Michael Devlin, a 41-year-old pizzeria manager, is accused of taking 13-year-old Ben Ownby just after the boy got off a school bus Jan. 8 in Beaufort, about 50 miles southwest of St. Louis. A schoolmate's tip about a white pickup helped lead authorities to Devlin's apartment in a St. Louis suburb, where they found Ben and Shawn on Jan. 12.

Devlin pleaded not guilty Thursday to charges of kidnapping Ben. Devlin also is charged with kidnapping Shawn in 2002 but has not entered a plea in that case.

Click here to read the charges (pdf)

In another nationally televised interview Thursday, Akers and Shawn's mother, Pam Akers, said that even though Shawn hasn't told them directly, they believe he was molested while he was missing.

While it is The Associated Press' policy not to identify alleged victims of sexual abuse in most cases, Shawn's case has been widely publicized and his name is well-known. Also, the family has gone public, conducting several national interviews.

Devlin's attorney, Michael Kielty, declined Thursday to respond to the claim of sexual abuse, saying he hasn't seen evidence in the case. "The only thing I have is an allegation," he said.

Shawn's grandmother, Anna Quinn, told the AP on Thursday that the boy has not spoken Devlin's name, and that he has said little to relatives about what he went through. She said Shawn did say that at times during the last four years, Devlin would wake him every 45 minutes. Prosecutors said Devlin terrorized Shawn with a handgun to get him to cooperate.

"You can be bound mentally as well as physically," Craig Akers said Friday on the "Today" show. "You can be just terrified, so afraid that it can control your life which obviously it did."

Akers also said he was haunted by having dismissed a series of messages Shawn apparently posted on a Web site his parents had created in their search for him. "How long are you planning to look for your son?" read one of the messages, signed "Shawn Devlin."

"Never in my wildest dreams would have I have imagined it was my son who had done that," Akers said, adding that he had assumed the messages were like many others sent by people who falsely claimed to be Shawn or know where he was.

The parents told Oprah Winfrey on her show Thursday that they have not asked their son about his ordeal on the advice of child advocacy experts.

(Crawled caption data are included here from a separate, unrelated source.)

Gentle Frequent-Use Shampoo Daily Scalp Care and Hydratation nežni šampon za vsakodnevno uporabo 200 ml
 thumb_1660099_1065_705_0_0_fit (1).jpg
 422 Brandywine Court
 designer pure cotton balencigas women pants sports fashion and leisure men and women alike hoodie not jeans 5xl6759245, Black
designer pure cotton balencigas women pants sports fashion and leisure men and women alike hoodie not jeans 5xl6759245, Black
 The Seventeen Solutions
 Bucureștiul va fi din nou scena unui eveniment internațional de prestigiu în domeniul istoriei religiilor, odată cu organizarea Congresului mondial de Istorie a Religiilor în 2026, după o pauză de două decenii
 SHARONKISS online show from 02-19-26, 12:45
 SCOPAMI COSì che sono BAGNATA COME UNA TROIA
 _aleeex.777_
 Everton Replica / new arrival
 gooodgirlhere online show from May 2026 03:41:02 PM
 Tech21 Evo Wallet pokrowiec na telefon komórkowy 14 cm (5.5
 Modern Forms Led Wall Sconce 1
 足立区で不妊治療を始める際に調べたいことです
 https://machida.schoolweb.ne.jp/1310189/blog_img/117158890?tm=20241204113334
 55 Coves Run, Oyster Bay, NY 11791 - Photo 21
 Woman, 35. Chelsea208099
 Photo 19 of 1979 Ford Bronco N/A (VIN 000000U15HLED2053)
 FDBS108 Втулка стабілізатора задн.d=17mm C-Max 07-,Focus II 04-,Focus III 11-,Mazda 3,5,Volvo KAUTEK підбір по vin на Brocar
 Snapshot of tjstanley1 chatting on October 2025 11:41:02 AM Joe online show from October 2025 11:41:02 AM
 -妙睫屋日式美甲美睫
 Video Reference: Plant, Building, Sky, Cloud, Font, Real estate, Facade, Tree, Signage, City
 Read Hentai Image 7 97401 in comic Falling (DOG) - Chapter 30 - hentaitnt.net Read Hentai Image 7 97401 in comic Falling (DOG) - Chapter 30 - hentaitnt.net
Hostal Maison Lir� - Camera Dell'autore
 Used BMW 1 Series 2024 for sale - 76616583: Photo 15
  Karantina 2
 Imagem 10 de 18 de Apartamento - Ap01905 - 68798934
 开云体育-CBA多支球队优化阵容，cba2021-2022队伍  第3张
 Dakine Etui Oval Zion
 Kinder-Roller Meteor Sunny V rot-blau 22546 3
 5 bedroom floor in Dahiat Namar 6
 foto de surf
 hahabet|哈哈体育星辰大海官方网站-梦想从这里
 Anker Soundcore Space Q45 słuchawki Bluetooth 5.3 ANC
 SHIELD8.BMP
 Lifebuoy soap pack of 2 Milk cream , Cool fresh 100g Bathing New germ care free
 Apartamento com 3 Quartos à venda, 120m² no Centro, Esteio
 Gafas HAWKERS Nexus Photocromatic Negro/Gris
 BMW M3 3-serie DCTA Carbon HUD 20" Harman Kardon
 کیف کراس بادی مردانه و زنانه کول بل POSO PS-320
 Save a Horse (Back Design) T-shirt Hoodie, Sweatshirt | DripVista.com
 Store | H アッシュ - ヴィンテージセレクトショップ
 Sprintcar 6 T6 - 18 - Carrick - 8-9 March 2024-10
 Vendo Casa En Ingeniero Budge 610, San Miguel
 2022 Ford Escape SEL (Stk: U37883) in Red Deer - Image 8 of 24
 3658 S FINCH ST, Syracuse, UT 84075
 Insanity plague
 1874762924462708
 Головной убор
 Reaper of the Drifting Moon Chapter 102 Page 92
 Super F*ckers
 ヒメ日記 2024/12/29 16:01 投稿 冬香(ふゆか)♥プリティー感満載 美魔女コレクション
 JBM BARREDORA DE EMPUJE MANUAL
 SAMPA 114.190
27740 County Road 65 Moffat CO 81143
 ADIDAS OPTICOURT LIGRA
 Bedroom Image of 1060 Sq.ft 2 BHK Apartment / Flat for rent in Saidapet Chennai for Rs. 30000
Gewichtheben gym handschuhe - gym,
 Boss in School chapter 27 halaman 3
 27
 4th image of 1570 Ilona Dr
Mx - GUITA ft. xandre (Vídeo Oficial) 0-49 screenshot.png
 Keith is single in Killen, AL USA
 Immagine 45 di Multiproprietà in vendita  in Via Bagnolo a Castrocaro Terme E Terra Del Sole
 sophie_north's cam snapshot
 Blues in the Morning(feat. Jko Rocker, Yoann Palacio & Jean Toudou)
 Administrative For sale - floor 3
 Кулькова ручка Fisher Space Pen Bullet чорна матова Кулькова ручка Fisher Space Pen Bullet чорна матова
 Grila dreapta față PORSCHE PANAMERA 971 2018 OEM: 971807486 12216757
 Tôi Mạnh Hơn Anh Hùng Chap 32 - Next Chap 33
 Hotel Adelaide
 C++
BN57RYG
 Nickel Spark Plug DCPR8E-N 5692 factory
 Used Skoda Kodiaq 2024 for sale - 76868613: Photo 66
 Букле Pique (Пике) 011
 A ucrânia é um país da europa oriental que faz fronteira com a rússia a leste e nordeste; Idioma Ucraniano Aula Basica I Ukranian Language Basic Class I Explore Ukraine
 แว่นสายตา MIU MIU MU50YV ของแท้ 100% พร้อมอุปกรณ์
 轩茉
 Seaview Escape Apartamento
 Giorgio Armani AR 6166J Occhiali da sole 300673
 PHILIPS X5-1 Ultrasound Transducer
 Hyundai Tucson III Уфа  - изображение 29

Shawn, who also was on Winfrey's show, hasn't spoken publicly about his captivity. He said he was grateful Ben's arrival led to their rescue.

"I'm thankful that he held in there for those few days. I told myself a long time ago I never wanted any kid to go through what I went through," Shawn said.

Winfrey said Shawn told her off-camera that he was "terrified" to contact his parents while he was missing.

Devlin's arrest has prompted authorities to investigate him in at least one other missing child case. Lincoln County, Mo., authorities have called Devlin the "most viable lead" in the case of Arlin Henderson, who was 11 when he disappeared while riding his bike in 1991 and has never been found.

The boy was, like Ben and Shawn, about 100 pounds and from a rural town about an hour from St. Louis.